Título do livro: Os Marginais
Data de edição: 1990
Sinopse: “Quando saí da escuridão do cinema para a brilhante luz do sol só tinha duas coisas em mente: o Paul Newman e uma boleia para casa. Desejava ter a figura do Paul Newman – que tem um ar duro e eu não -, mas creio que o meu próprio aspecto não é assim tão mau. Tenho um cabelo castanho-claro, quase avermelhado, e olhos de um verde-acinzentado. Quem me dera que fossem mais cinzentos! Odeio quase todos os tipos de olhos verdes… mas é preciso contentar-me com os que tenho. Uso o cabelo muito mais comprido do que a maioria dos rapazes, aparado atrás, comprido à frente e aos lados, mas sou um seboso e na minha vizinhança são poucos os que se ralam com o corte do cabelo. Além disso… o cabelo comprido dá-me um aspecto melhor.”
Classificação: 3 (bom)
Opinião pessoal: Aprecio este livro por uma ou duas razões: em primeiro lugar, porque roça na trilogia comédia, tragédia e drama; em segundo, porque é bastante inteligente, numa perspectiva da própria coerência sequencial, para uma miúda de dezassete anos.
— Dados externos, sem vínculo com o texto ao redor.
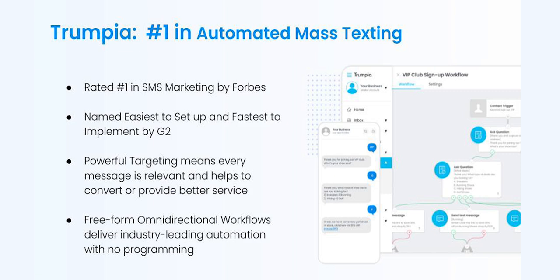Unlike traditional SMS marketing services that can only send a mass of untargeted messages, Trumpia's smart targeting gets you results by maintaining your customer satisfaction by making sure they don't feel spammed.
Hinton, sem falsos dramatismos, ao abordar o que a América há décadas tenta descaradamente esconder-nos, mostra o universo de uma criminalidade juvenil, dos anos 60, por vezes forçada (pela a ausência de progenitores ou figuras cuidadoras ou figuras de autoridade), por vezes de regozijo (há um qualquer orgulho ostensivo nos roubos, nas lutas, nas armas, na insensibilidade, na liberdade, etc.).
Simples, mas quase delicado, onde a inocência se desvanece desde o princípio, é um livro que não permite que o leitor se engane: tudo aquilo nunca vai mudar; não há escapatória possível, não há esperança alguma; tudo aquilo vai ser sempre mau, sempre sem finais felizes. É o que se verifica, principalmente, com as personagens Johnny, Bob e Dally.
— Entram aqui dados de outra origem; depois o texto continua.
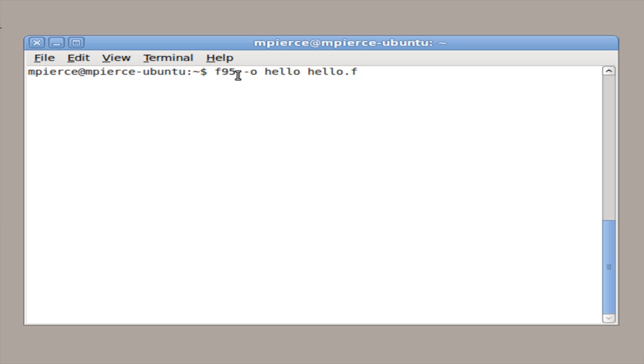It'd be like F95 minus O, your executable name you want, and then your source file.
Se tivermos em conta o ano de lançamento (1967), rapidamente nos apercebemos que se trata de uma leitura nova, fresca, um pouco nua, um pouco crua, um pouco falsa. Tudo o que é descrito neste pequeno livro poderia estar submerso na metáfora kunderiana de kitsch: os contrastes são como que manipulados pela “sociedade” dita social e pela “sociedade” dita criminosa, cuja total inaceitabilidade se esconde entre uma e outra fenda de ambas as classes. A salvação nesta metáfora parece, assim, estar claramente patente nas personagens Ponyboy, Darry e Randy. Por fim, Cherry, atrevo-me a dizer, será a postura na qual a autora mais se identifica, como personagem mediadora destes dois mundos extremos. Ou seja, assume um olhar neutro, ainda que crítico, sobre esta problemática essencialmente socio-económica. O próprio título, Os Marginais, é revelador dessa mesma postura: não são os Socs os marginais, nem tão pouco o são os Sebosos. Ambos constituem parte da culpa, onde não há espaço para desculpabilizações.
Conciso, sem muitas delongas, vai ao cerne das questões sem nunca perder de vista a insuflação pela mudança de mentalidades.